[MUD-Dev] Re Hilbert Curves

Cynbe ru Taren cynbe at muq.org
Thu Nov 4 16:44:54 CET 1999


"Christopher Allen" <ChristopherA at Skotos.net> wrote:

| There is an excellent article in July 1999 issue of Dr. Dobbs 'Space-Filling
| Curves in Geospatial Applications' by Ron Gutman on page 115, with the summary
| "B-Tree databases are very efficient with one-dimensional data. Ron shows how
| Hilbert curves can be used to efficiently manage multidimensional data, with no
| changes to the underlying database".

(1) Many thanks to Christopher for this post!  I've a collection of photocopied
    papers on R* trees, but was unfamiliar with Morton and Peano curves in this
    context.  Posts like this keep me on this mailing list. :)

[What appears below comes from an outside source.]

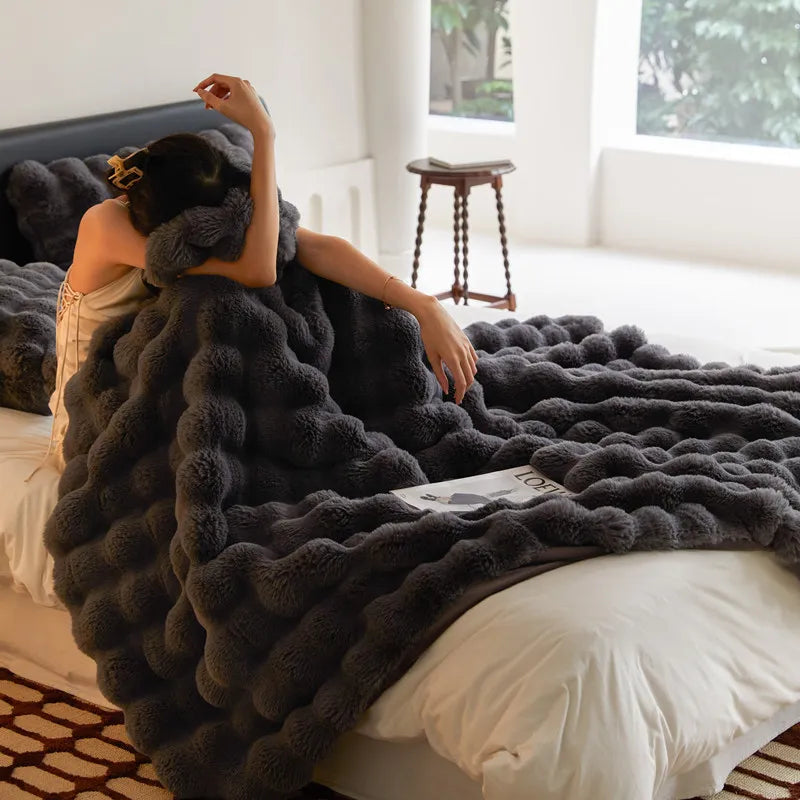 LuxeBurrow Faux-Fur Throw - KaveCore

(2) Feeding "morton and peano and order" in to Alta Vista advanced
    search turns up a few more references which might be of interest
    to this audience in this context:

    http://www.csc.liv.ac.uk/~frans/dGKBIS/tesseral.html
    Covers the general idea in tutorial fashion with diagrams and references.

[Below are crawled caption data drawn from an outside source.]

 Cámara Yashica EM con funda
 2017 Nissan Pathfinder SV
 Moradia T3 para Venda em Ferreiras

    http://www.gisca.adelaide.edu.au/kea/gisrs/gisrsrc/courses/gis/ncgia/u35.html#SEC35.4
    A similar tutorial, less detailed.

    http://www.cs.umd.edu/~brabec/quadtree/docs/rtree_split_rules.html
    Short overview of Morton, Hilbert and other orders in the context
    of splitting R-tree nodes.

    http://www.alexandria.ucsb.edu/public-documents/annual_report98/node37.html
    Includes a detailed third-party (GIS) review of what the big DB vendors are
    doing on the spatial indexing front.  In particular, Oracle 7.3
    uses Peano ordering to do spatial indexing on top of standard B-trees.
    Overall conclusion:  Current efforts are very crude, but promising.

Some snippets of common wisdom I found interesting:

*   R-trees have been the academic favorite for over a decade.

*   Peano style indexing seems an established favorite of the GIS
    (Geographic Information System) crowd, who have to produce
    practical results from huge masses of data.  (I tend to bet
    on practical experience over academic fashion when push comes
    to shove, myself...)

*   R-trees don't handle points efficiently, and become rapidly less
    effective as one goes above two dimensions.

*   Peano-style queries drop rapidly in efficiency as the tiling fit
    used gets better (i.e., more complex):  Simpler is better.

*   As with quadtees, subdividing to provide more accuracy has the
    effect of appending bits to the code:  The prefix remains invariant.